Try it in the Rust Playground

The ControlFlow enum can be one of two values, either Break or Continue. The callback my_action returns a ControlFlow to indicate that it may result in an early return. The actual early return is implemented in the my_for_each function using the ? operator, which returns from the containing function if called on a Break value. Note that we have to check the return value of my_for_each to "catch" the early return. Alternatively, if we wanted to pass the return further up the call stack we could return a ControlFlow from find_thing and use the ? operator on the result of my_for_each.
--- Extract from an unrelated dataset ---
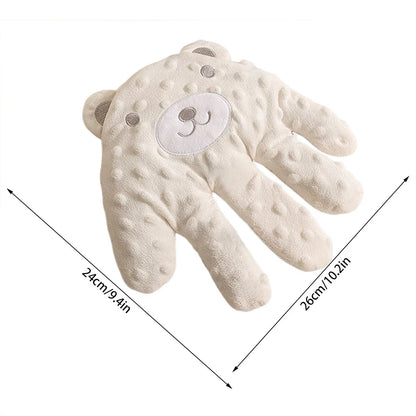 Soothing Baby Sleep Aid Pillow Babies Soothing Palms
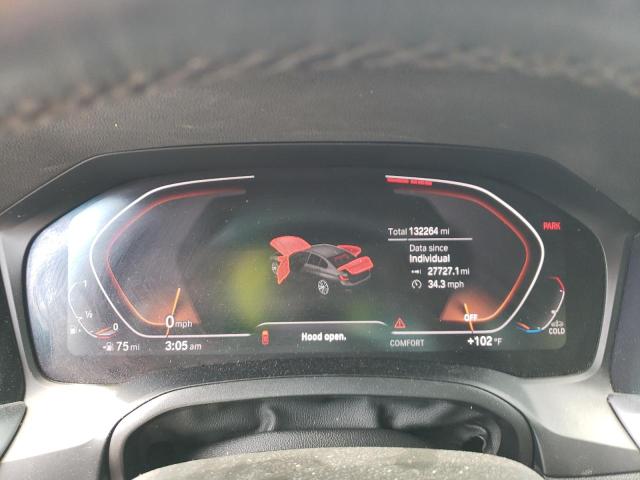 3MW5R7J02L8B22000 BMW 330XI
In the end we get the following output showing the early return behavior:

looking for thing one
inspecting thing Thing { key: "thing one" }
exiting early
exited early with Thing { key: "thing one" }
got: Thing { key: "thing one" }
looking for thing three
inspecting thing Thing { key: "thing one" }
inspecting thing Thing { key: "thing two" }
did not exit early
got: Thing { key: "not found" }

Perl has a module Return::Multilevel which allows this: with_return calls a function with a coderef (really more of a continuation) that, when called, returns from the outer function.

In Raku, the loop-control verbs, including last, operate by default on the dynamically innermost loop, even if they aren't lexically inside the loop, which means that this:

sub act-per-item($item) {
    last if $item == 3;
}

for 1..10 -> $i {
    say $i;
    act-per-item($i);
}

Will print

1
2
3

and then exit.

Even nested functions are a bit of an awkward and unusual feature. IIRC, a lot of that stuff (including closures) was added to support Linq.

With the concept of early-returning the outer function in a series of nested functions, the problem is that there can be an assignment at the call site of the inner function, or the inner call site can be part of an expression.

Do you jump right out of the assignment/expression immediately so as to proceed to return from the outer function, or do you first finish executing/evaluating the line on which the inner call site occurred (which might itself involve further calls occurring before the outer return finally occurs)?

When you jump out of a nest of ordinary structured blocks, those blocks are not (and cannot be) parts of expressions, so the issue does not arise.